Bulgarian football's hall of fame contains many talents: Georgi Asparuhov, Ivan Kolev, Dimitar Yakimov, Dimitar Penev, Hristo Bonev, Nikola Kotkov, Georgi Sokolov, Bozhidar Iskrenov, Nasko Sirakov, Emil Kostadinov, Krassimir Balakov, to name more than a few.
However, none of the above attained the legendary status bestowed on striker Hristo Stoichkov, a footballer for whom there was often a thin line between genius and madness. Stoitchkov was the first Bulgarian star of the modern game, who became his country's first big footballing export when he moved from PFC CSKA Sofia to FC Barcelona in 1990.
In his debut season in Spain he scored twice in Barcelona's UEFA Cup Winners' Cup semi-final victory against Juventus, but missed the final through injury. Barcelona lost that game, but Stoichkov was on the field 12 months later as the Catalan giants won the European Champion Clubs' Cup against UC Sampdoria at Wembley. The forward was also involved, as a substitute, when Barcelona lifted the Cup Winners' Cup in 1996/97, beating Paris Saint-Germain FC.
With Barcelona, Stoichkov was a key member of Johan Cruyff's celebrated 'Dream Team'. It was Cruyff who had brought Stoitchkov to Spain, having seen the Plovdiv-born player score a wonder goal against Barcelona for CSKA in the 1989 Cup Winners' Cup semi-final. "I want that boy, he is a genius," the Dutchman is reputed to have said.
During his years at Barcelona, Stoichkov won five Spanish titles and two Spanish Cups to add to the three Bulgarian championships and four Bulgarian Cups earned with CSKA. Stoichkov later enjoyed success in the United Arab Emirates with Al Nasser (1998 Asian Cup Winners' Cup) and then in the United States with Chicago Fire (2000 MLS Cup). It was only a brief interlude with Italy's Parma AC in 1995/96 that failed to deliver silverware.
Perhaps his greatest achievement, though, was to score six goals at the 1994 FIFA World Cup, propelling Bulgaria to the semi-finals, where they lost to Italy.
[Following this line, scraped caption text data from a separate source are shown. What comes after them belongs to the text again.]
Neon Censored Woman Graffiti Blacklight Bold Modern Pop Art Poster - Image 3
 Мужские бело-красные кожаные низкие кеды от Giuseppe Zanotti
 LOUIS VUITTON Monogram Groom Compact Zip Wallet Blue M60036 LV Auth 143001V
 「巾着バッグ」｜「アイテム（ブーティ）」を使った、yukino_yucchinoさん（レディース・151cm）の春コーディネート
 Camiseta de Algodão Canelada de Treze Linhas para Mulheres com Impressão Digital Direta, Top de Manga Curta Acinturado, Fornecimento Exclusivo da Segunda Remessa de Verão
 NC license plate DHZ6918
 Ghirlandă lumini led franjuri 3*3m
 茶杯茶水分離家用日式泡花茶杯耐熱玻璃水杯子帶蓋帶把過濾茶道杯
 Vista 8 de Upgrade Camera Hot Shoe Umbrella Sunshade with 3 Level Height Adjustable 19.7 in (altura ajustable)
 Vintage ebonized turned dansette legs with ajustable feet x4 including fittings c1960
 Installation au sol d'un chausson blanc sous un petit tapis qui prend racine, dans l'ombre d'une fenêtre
That tally made him the tournament's joint-top scorer alongside Russia's Oleg Salenko. His exploits were recognised the following December when he was named European Footballer of the Year.
There was an ugly side to Stoichkov's game too. As a 19-year-old with CSKA, he received a one-season ban for his part in a notorious brawl in the 1985 Bulgarian Cup final against PFC Levski Sofia. Typically, he bounced back and, by September 1987, was able to make his international debut in a UEFA European Championship qualifier against Belgium.
In December 1990, he was suspended for three months for standing on the feet of the referee during Barcelona's Spanish Super Cup meeting with Real Madrid CF. Undaunted, he returned in style, helping Barcelona to a first league title in six years and becoming a cult figure.
After EURO '96, he announced his international retirement yet reconsidered and led Bulgaria to the 1998 World Cup. The last of his 83 caps, which yielded 36 goals, came in a UEFA EURO 2000 qualifier in June 1999. His mentors, former Bulgaria coach Dimitar Penev and Cruyff, were both in attendance as England were held to a 1-1 draw at the Bulgarska Armia Stadium.
After hanging up his boots at the end of the 2002/03 season, Stoichkov returned to Europe from the US to take up a coaching position at Camp Nou. Then in July 2004 he took over as Bulgaria national coach but failed to lead them to qualification for the 2006 World Cup and resigned the following year. Stoichkov has since had stints in charge of RC Celta de Vigo in Spain and Mamelodi Sundowns FC in South Africa.